Input data:
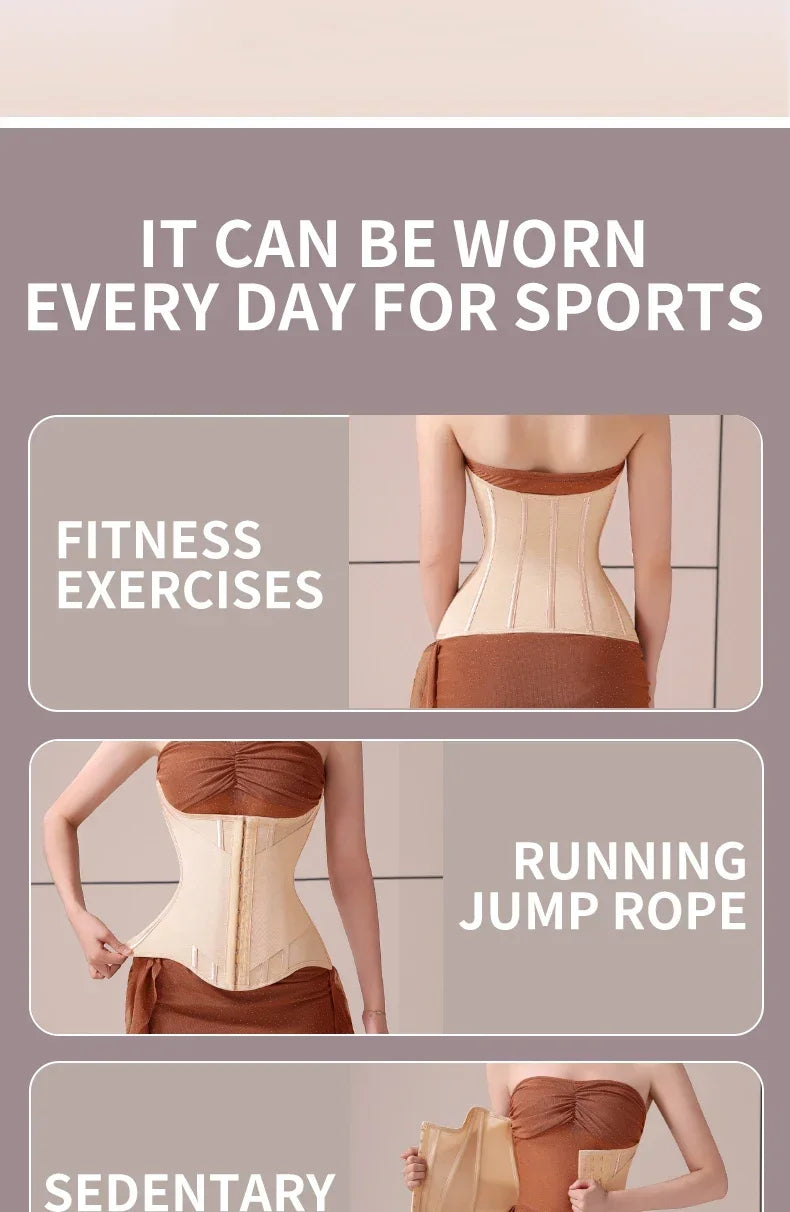 U-Shaped Steel Boned Waist Trainer Corset Buttoned Closure — Beige | KIMLUD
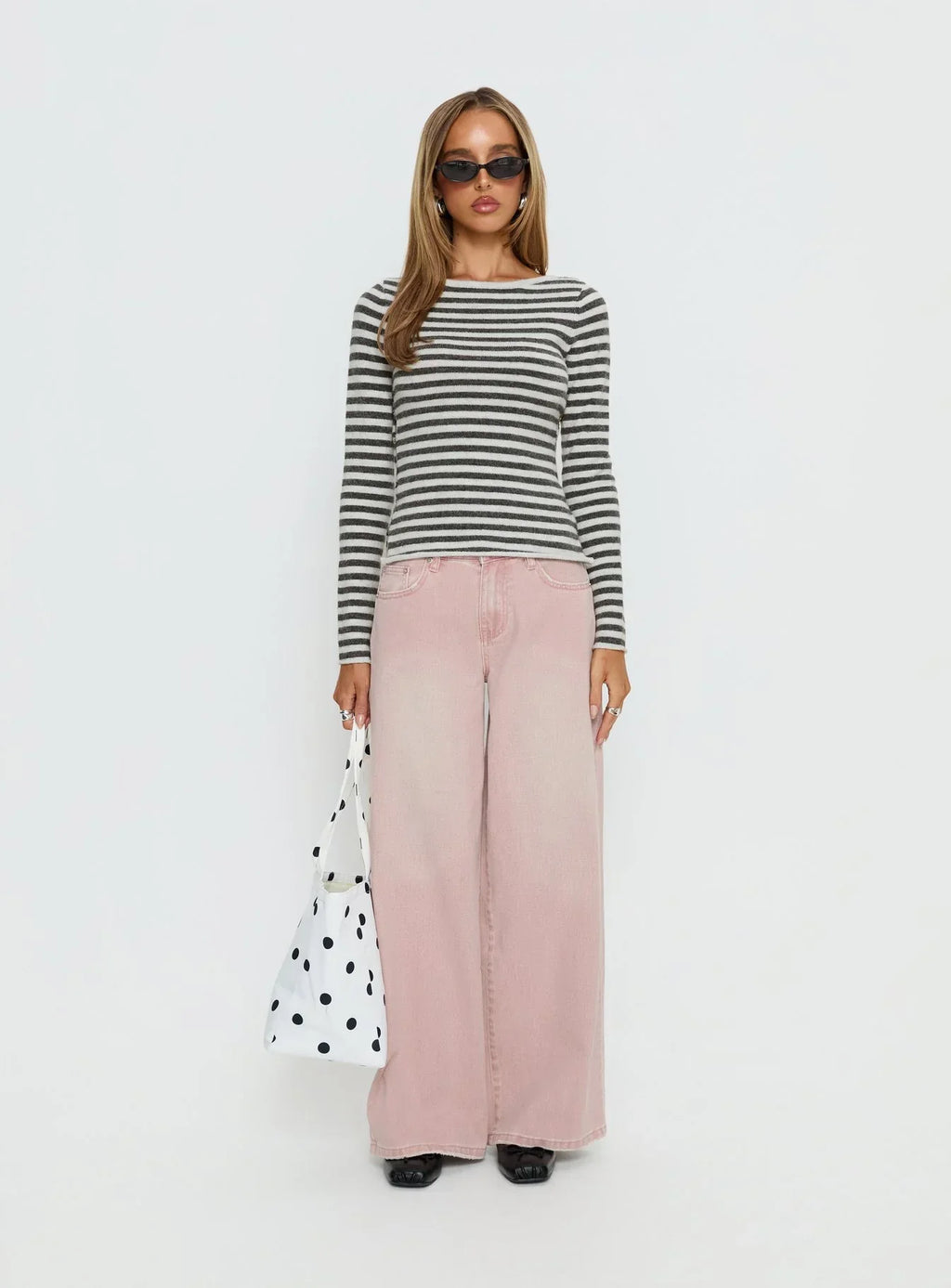 Annalyse Long Sleeve Button Detail Top Stripe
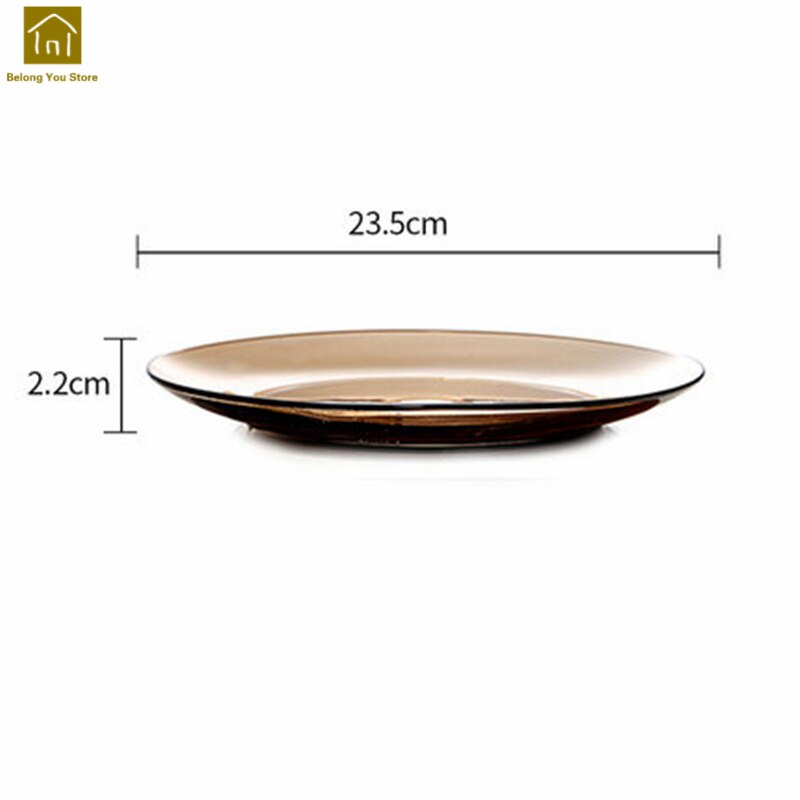Farve glas tallerken enkel gennemsigtig mikroovn plader middag dyb tallerken tallerken nice verre gafler mad tallerkener wki 087: Brun 23.5cm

What is expected: Everything in the listing is to be returned word for word, except the pictures.

Expected output:
 U-Shaped Steel Boned Waist Trainer Corset Buttoned Closure — Beige | KIMLUD
 Annalyse Long Sleeve Button Detail Top Stripe
Farve glas tallerken enkel gennemsigtig mikroovn plader middag dyb tallerken tallerken nice verre gafler mad tallerkener wki 087: Brun 23.5cm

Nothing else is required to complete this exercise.